Hint 2: The network gets 95.58% accuracy on the test set.
Hint 3: The labeling function can be described in words in one sentence.
Hint 4: This image may be helpful.
Challenge 2, Transformer
I made up a labeling function that takes in two integers from 0 to 113 and outputs either a 0 or 1. Then, using a lot of code from Neel Nanda’s grokking work, I trained a 1-layer transformer on half of the data. It then got 97% accuracy on the test half. As before, the challenge is to use MI tools to recover the labeling function.
Hint 1: The labels are binary.
Hint 2: The network is trained on 50% of examples and gets 97.27% accuracy on the test half.
Hint 3: Here are the ground truth and learned labels. Notice how the mistakes the network makes are all near curvy parts of the decision boundary...
If you are the first person to send me the labeling function's program and a justified mechanistic explanation for either challenge (e.g. in the form of a colab notebook), I will sing your praises on my Twitter, and I would be happy to help you write a post about how you solved a problem I thought would be very difficult. Neel Nanda and I are also offering a cash prize. (Thanks to Neel for offering to contribute to the pool!) Neel will donate $250, and I will donate $500 to a high-impact charity of choice for the first person to solve each challenge. That makes the total donation prize pool $1,500.

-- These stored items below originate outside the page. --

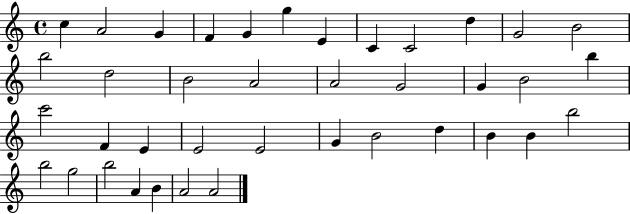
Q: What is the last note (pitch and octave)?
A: A4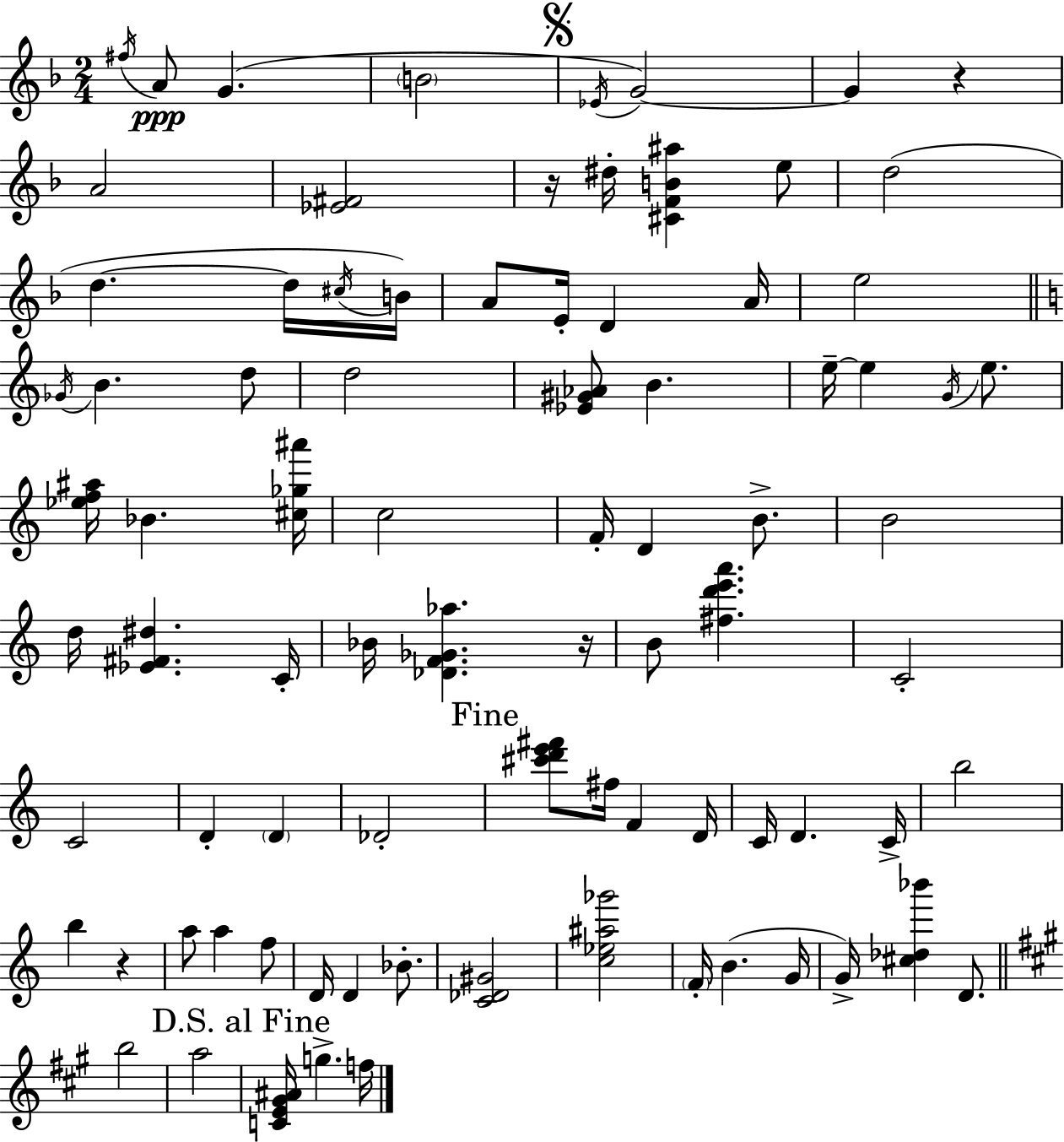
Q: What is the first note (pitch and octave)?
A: F#5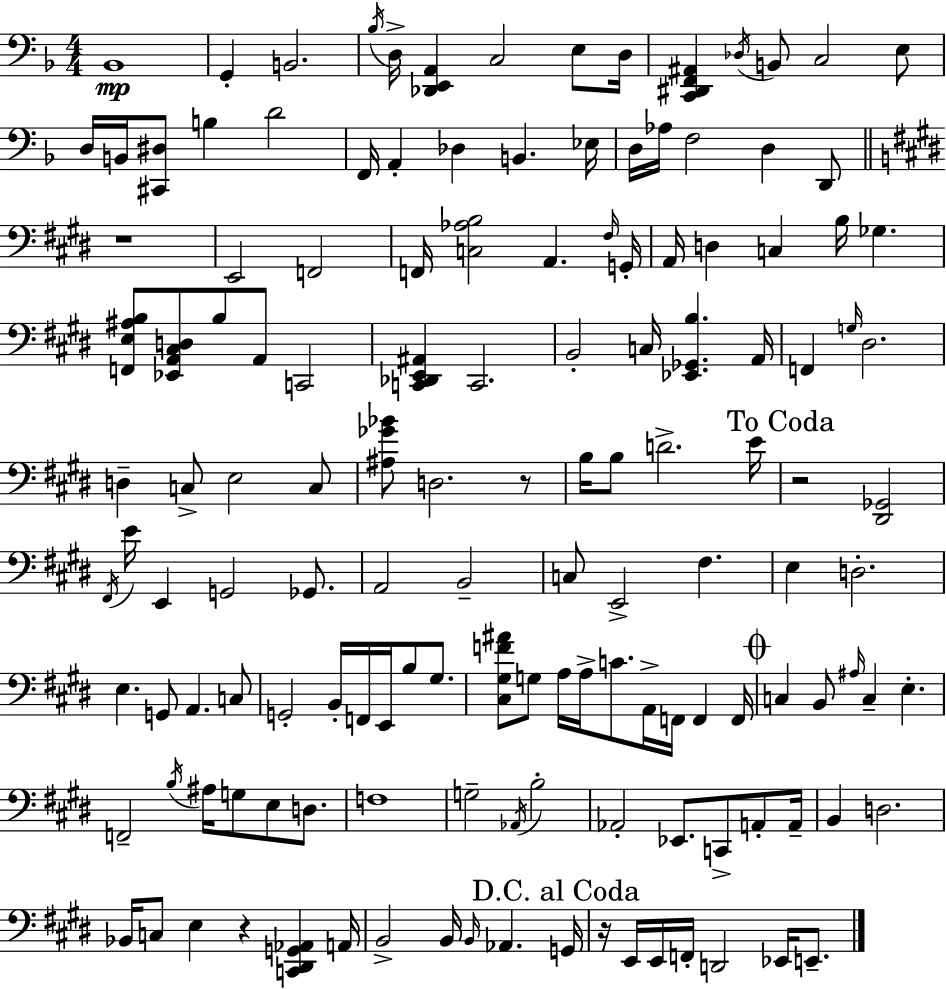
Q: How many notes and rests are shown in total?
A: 140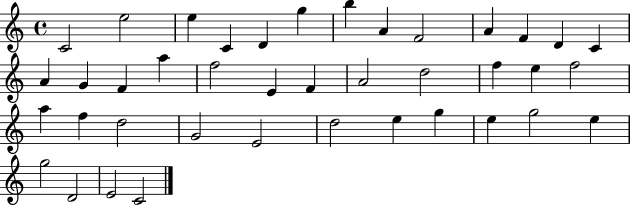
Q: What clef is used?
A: treble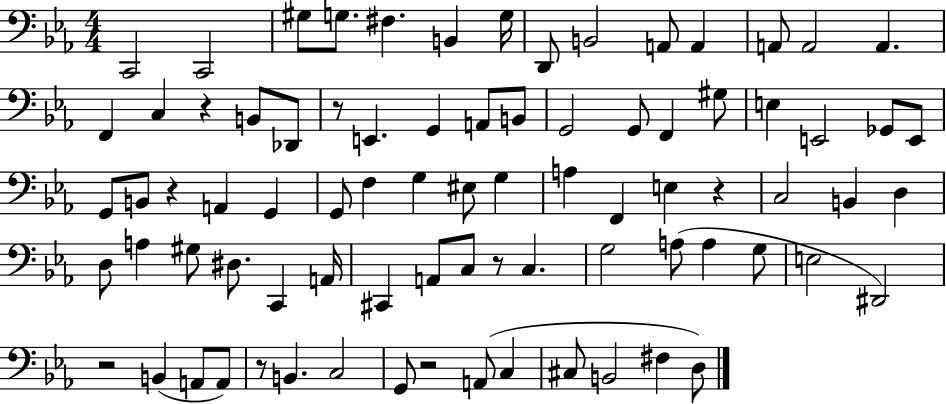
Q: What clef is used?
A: bass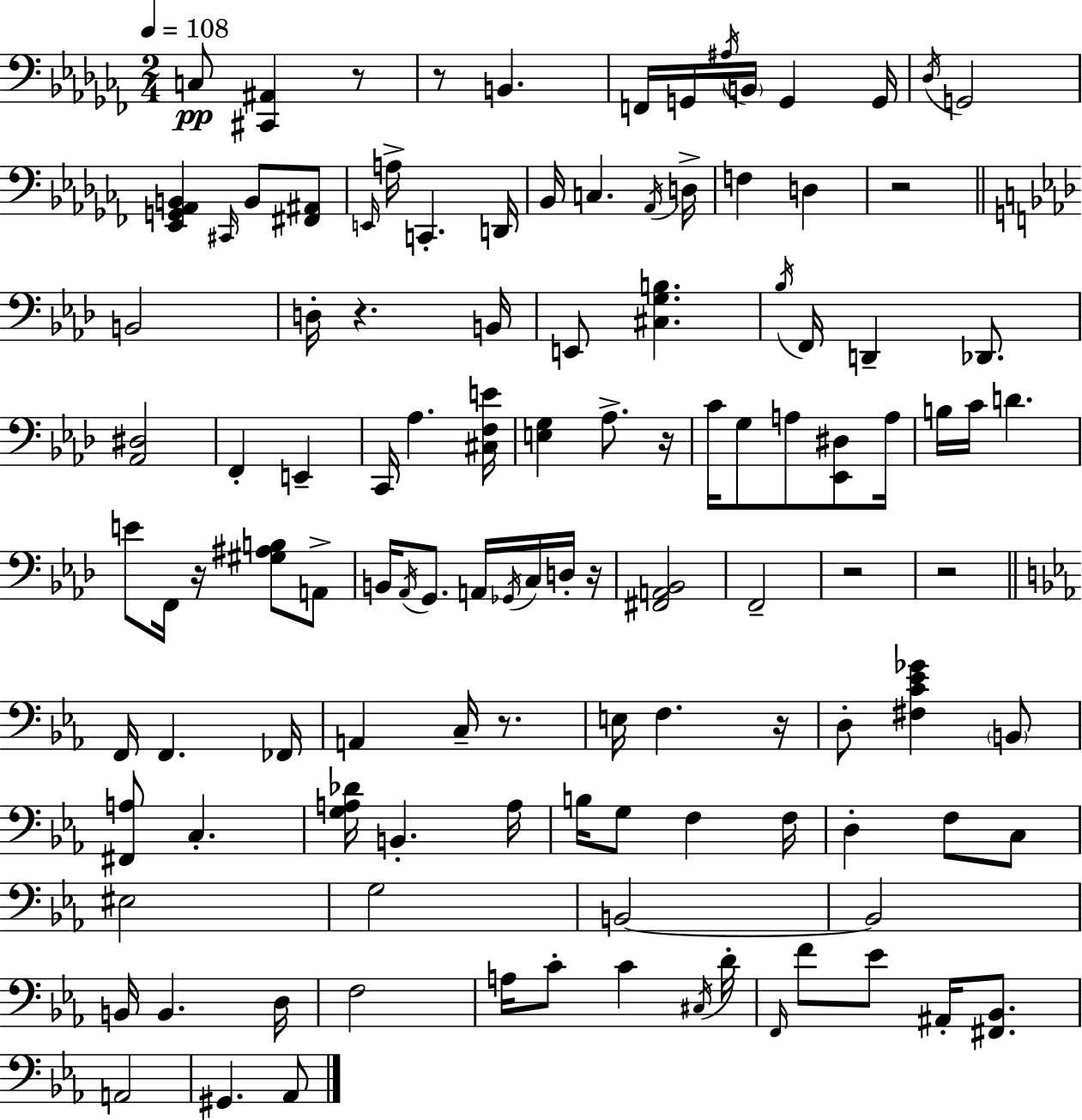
X:1
T:Untitled
M:2/4
L:1/4
K:Abm
C,/2 [^C,,^A,,] z/2 z/2 B,, F,,/4 G,,/4 ^A,/4 B,,/4 G,, G,,/4 _D,/4 G,,2 [_E,,G,,_A,,B,,] ^C,,/4 B,,/2 [^F,,^A,,]/2 E,,/4 A,/4 C,, D,,/4 _B,,/4 C, _A,,/4 D,/4 F, D, z2 B,,2 D,/4 z B,,/4 E,,/2 [^C,G,B,] _B,/4 F,,/4 D,, _D,,/2 [_A,,^D,]2 F,, E,, C,,/4 _A, [^C,F,E]/4 [E,G,] _A,/2 z/4 C/4 G,/2 A,/2 [_E,,^D,]/2 A,/4 B,/4 C/4 D E/2 F,,/4 z/4 [^G,^A,B,]/2 A,,/2 B,,/4 _A,,/4 G,,/2 A,,/4 _G,,/4 C,/4 D,/4 z/4 [^F,,A,,_B,,]2 F,,2 z2 z2 F,,/4 F,, _F,,/4 A,, C,/4 z/2 E,/4 F, z/4 D,/2 [^F,C_E_G] B,,/2 [^F,,A,]/2 C, [G,A,_D]/4 B,, A,/4 B,/4 G,/2 F, F,/4 D, F,/2 C,/2 ^E,2 G,2 B,,2 B,,2 B,,/4 B,, D,/4 F,2 A,/4 C/2 C ^C,/4 D/4 F,,/4 F/2 _E/2 ^A,,/4 [^F,,_B,,]/2 A,,2 ^G,, _A,,/2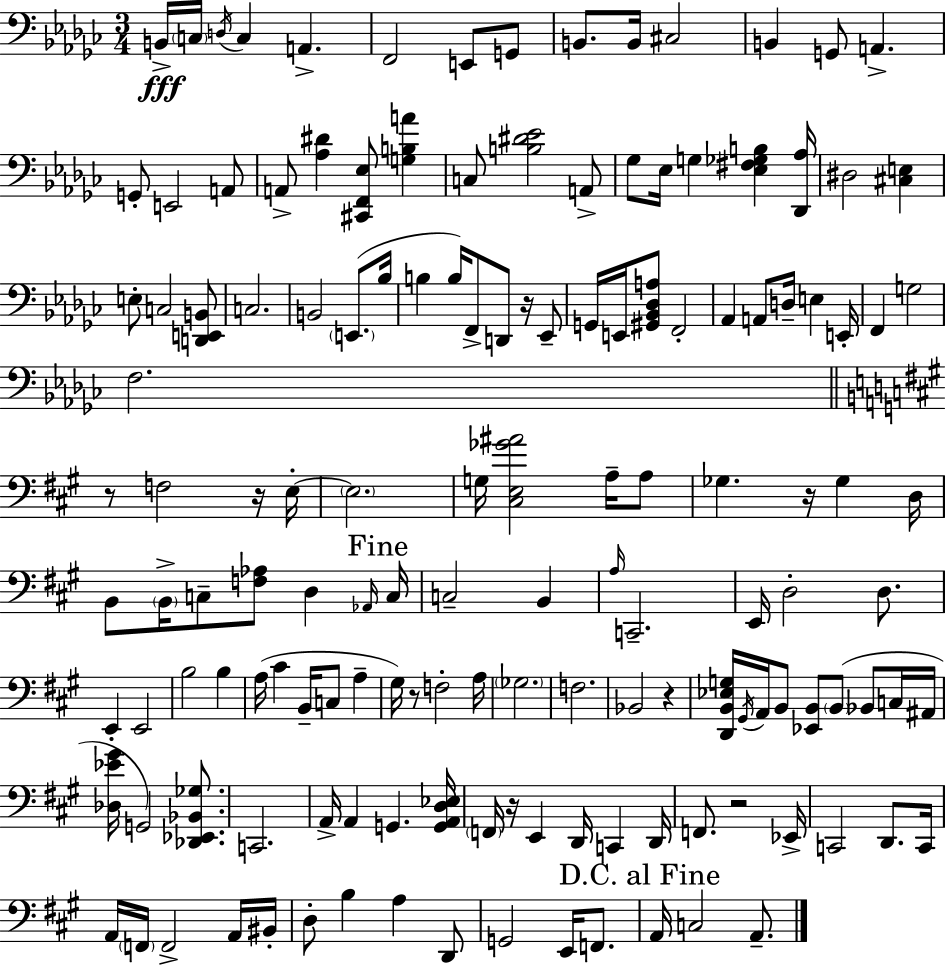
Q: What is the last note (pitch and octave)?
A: A2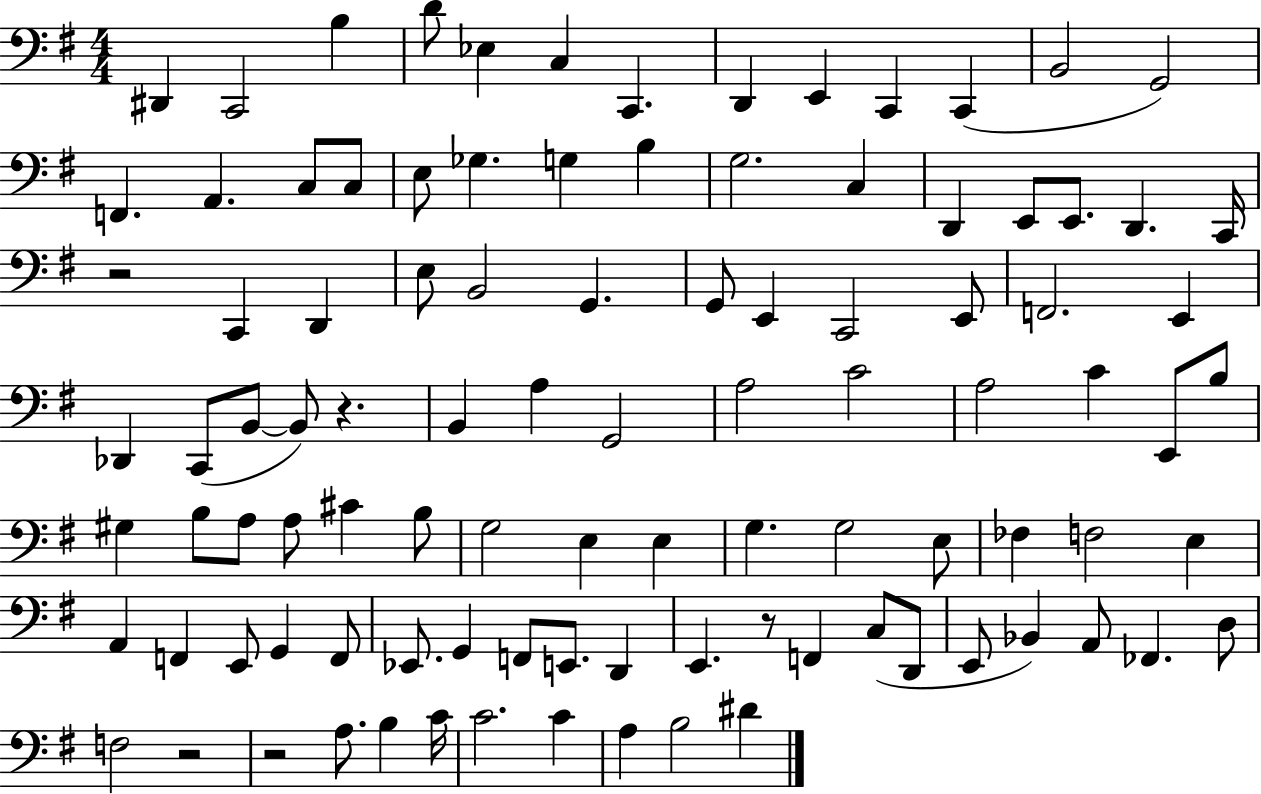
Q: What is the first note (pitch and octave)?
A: D#2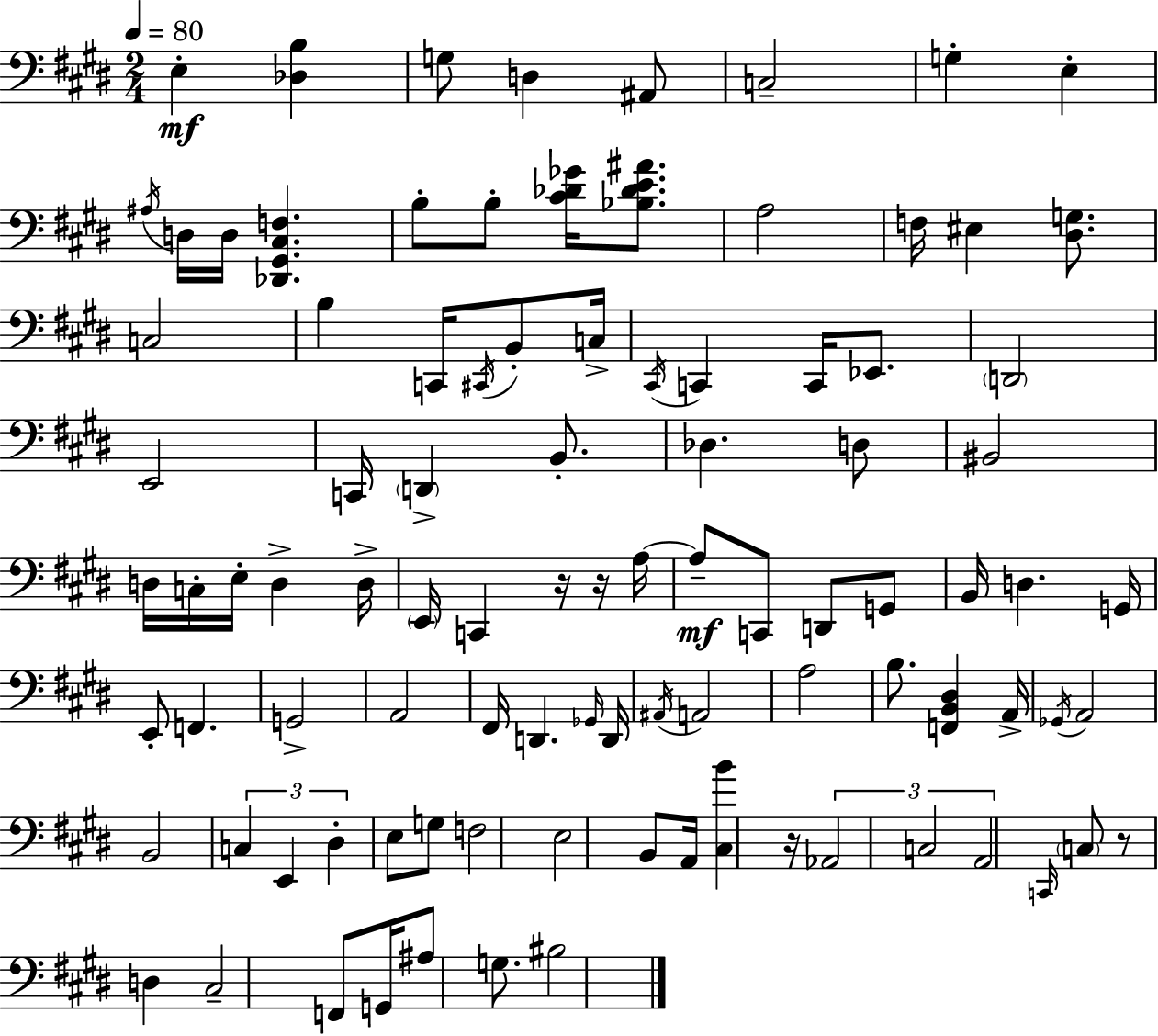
E3/q [Db3,B3]/q G3/e D3/q A#2/e C3/h G3/q E3/q A#3/s D3/s D3/s [Db2,G#2,C#3,F3]/q. B3/e B3/e [C#4,Db4,Gb4]/s [Bb3,Db4,E4,A#4]/e. A3/h F3/s EIS3/q [D#3,G3]/e. C3/h B3/q C2/s C#2/s B2/e C3/s C#2/s C2/q C2/s Eb2/e. D2/h E2/h C2/s D2/q B2/e. Db3/q. D3/e BIS2/h D3/s C3/s E3/s D3/q D3/s E2/s C2/q R/s R/s A3/s A3/e C2/e D2/e G2/e B2/s D3/q. G2/s E2/e F2/q. G2/h A2/h F#2/s D2/q. Gb2/s D2/s A#2/s A2/h A3/h B3/e. [F2,B2,D#3]/q A2/s Gb2/s A2/h B2/h C3/q E2/q D#3/q E3/e G3/e F3/h E3/h B2/e A2/s [C#3,B4]/q R/s Ab2/h C3/h A2/h C2/s C3/e R/e D3/q C#3/h F2/e G2/s A#3/e G3/e. BIS3/h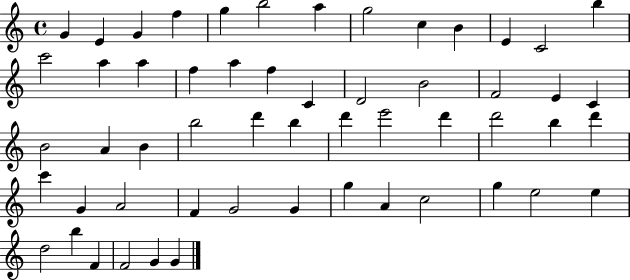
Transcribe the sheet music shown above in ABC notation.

X:1
T:Untitled
M:4/4
L:1/4
K:C
G E G f g b2 a g2 c B E C2 b c'2 a a f a f C D2 B2 F2 E C B2 A B b2 d' b d' e'2 d' d'2 b d' c' G A2 F G2 G g A c2 g e2 e d2 b F F2 G G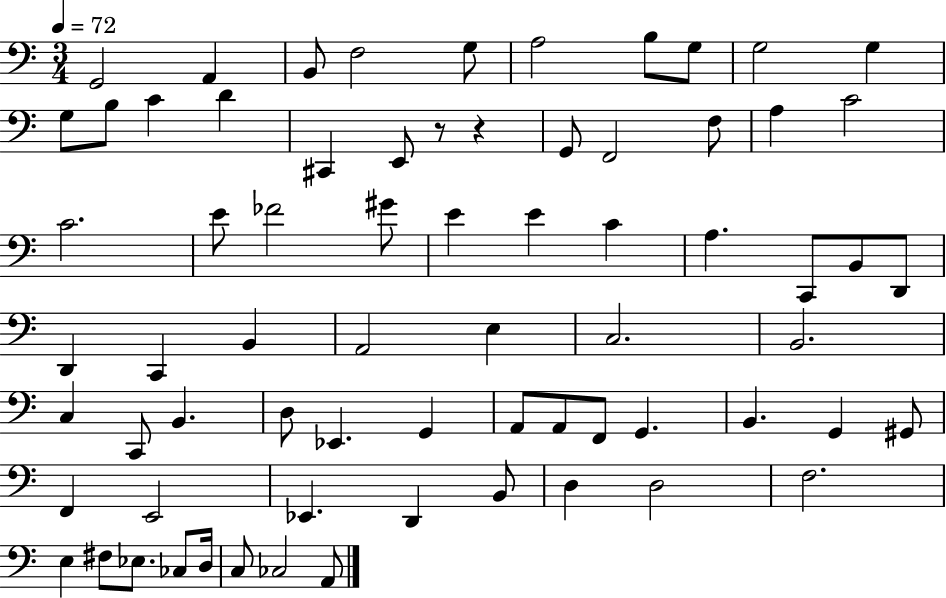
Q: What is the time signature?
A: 3/4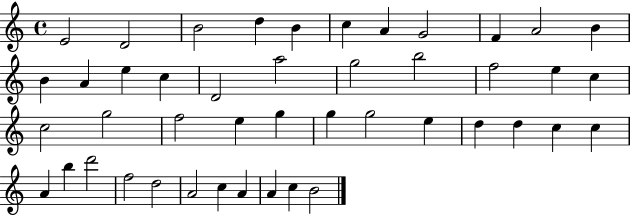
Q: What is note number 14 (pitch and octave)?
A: E5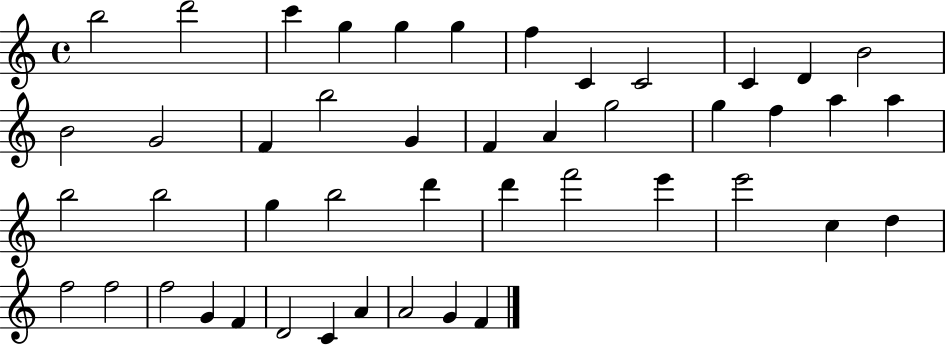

For this challenge, I intentionally designed the labeling functions to not be overly simple. But I will not be too surprised if someone reverse-engineers them with MI tools, and if so, I will be extremely interested in how.
Neither of the models perfectly label the validation set. One may object that this will make the problem unfairly difficult because if there is no convergence on the same behavior as the actual labeling function, then how is one supposed to find that function inside the model? This is kind of the point though. Real models that real engineers have to work with don’t tend to conveniently grok onto a simple, elegant, programmatic solution to a problem.
- Do you agree or disagree that if mechanistic interpretability tools are unable to solve problems like these that they are unlikely to be very useful for safety?
- Are there reasons to expect that systems that are larger or trained to be more intrinsically interpretable may be substantially easier to interpret than small models like these?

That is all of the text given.